Records from a data collection
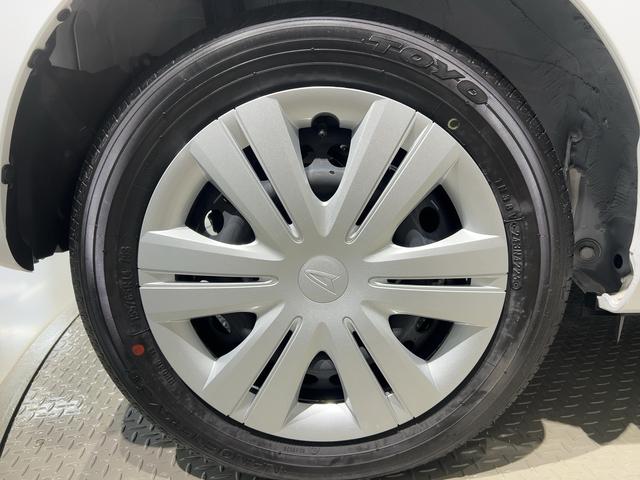 タントXダイハツ認定中古車lCVTl片側電動スライドドアl電動パーキングブレーキlLEDヘッドライトlシートヒーターlキーフリーシステムlプッシュスタートlコーナーセンサーlスマートアシストl保証/整備付(茨城県)の中古車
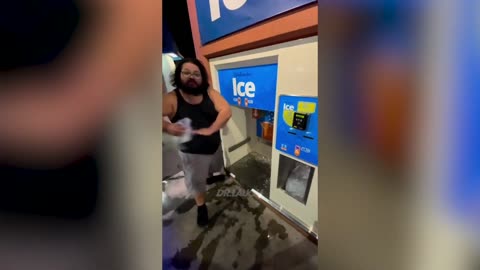 BEST MEMES COMPILATION 100 LOSE Try Not to LAUGH Challenge Dank Memes Compilation 2022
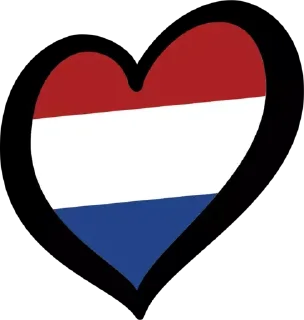 🇳🇱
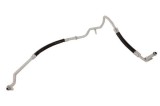 Conducta inalta presiune,aer conditionat RENAULT MASTER II bus (JD) (1997 - 2010) THERMOTEC KTT160298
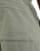 Thumbnail 5 of 5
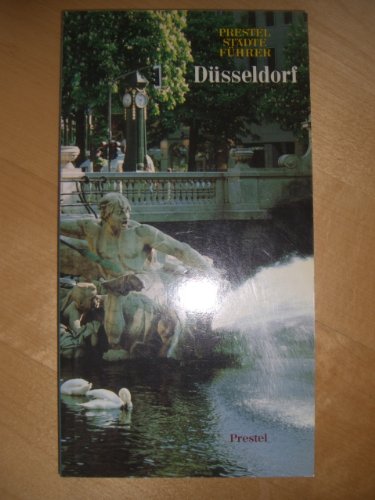 Düsseldorf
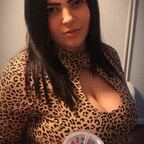 Onlyfans leak tittytittytortor 

 profile picture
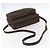 LOUIS VUITTON Borsa a Spalla Monogram Nile M45244 LV Auth ka2387 Monogramma - vista 7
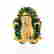 item-114546532=4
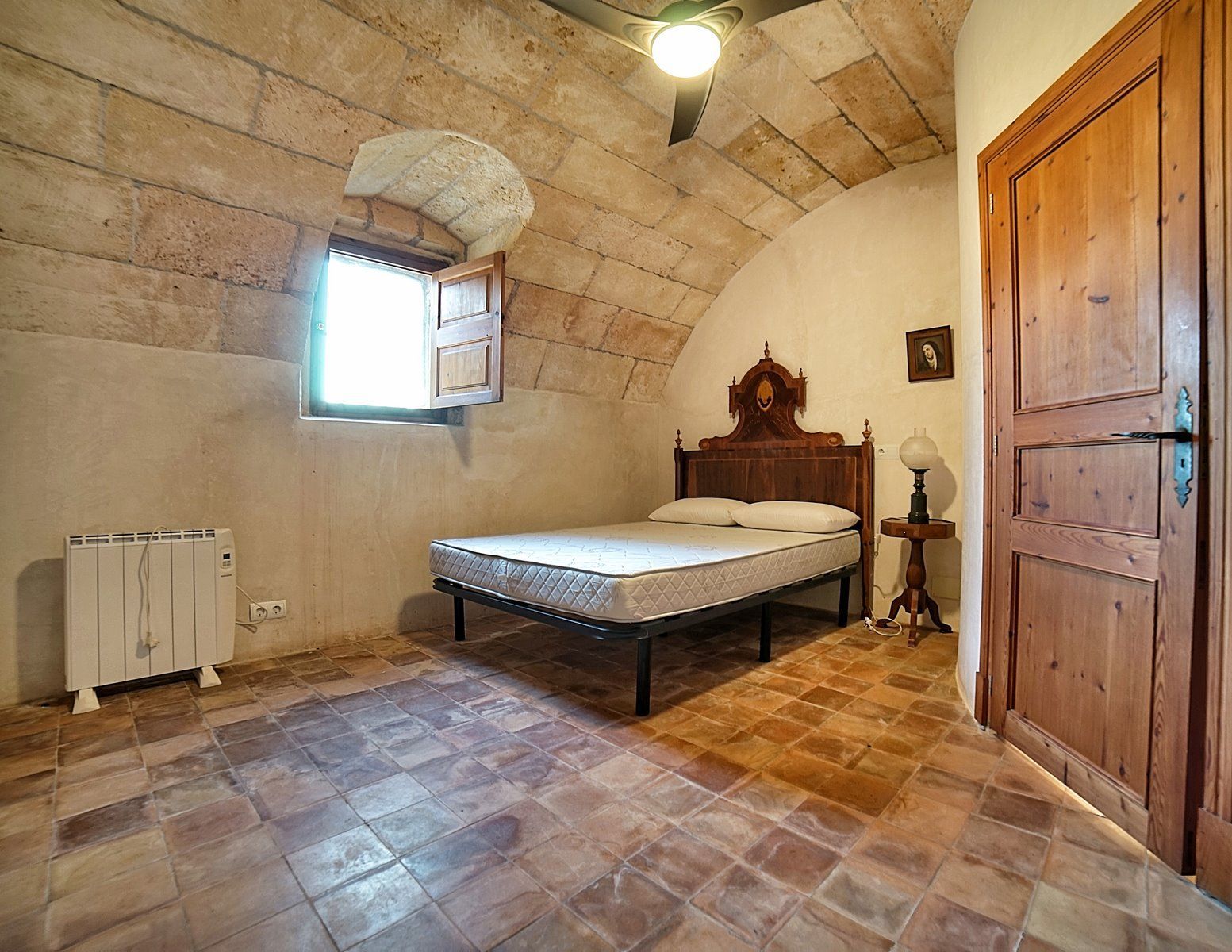 22-Villasyfincasmallorca.jpg Country House with Pool Near Felanitx & Portocolom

__Assignment__:
Your answer must be the lines from the one containing "Conducta inalta presiune,aer" through the last line of the records, copied exactly, with no pictures.

__Solution to this task__:
 Conducta inalta presiune,aer conditionat RENAULT MASTER II bus (JD) (1997 - 2010) THERMOTEC KTT160298
 Thumbnail 5 of 5
 Düsseldorf
 Onlyfans leak tittytittytortor 

 profile picture
 LOUIS VUITTON Borsa a Spalla Monogram Nile M45244 LV Auth ka2387 Monogramma - vista 7
 item-114546532=4
 22-Villasyfincasmallorca.jpg Country House with Pool Near Felanitx & Portocolom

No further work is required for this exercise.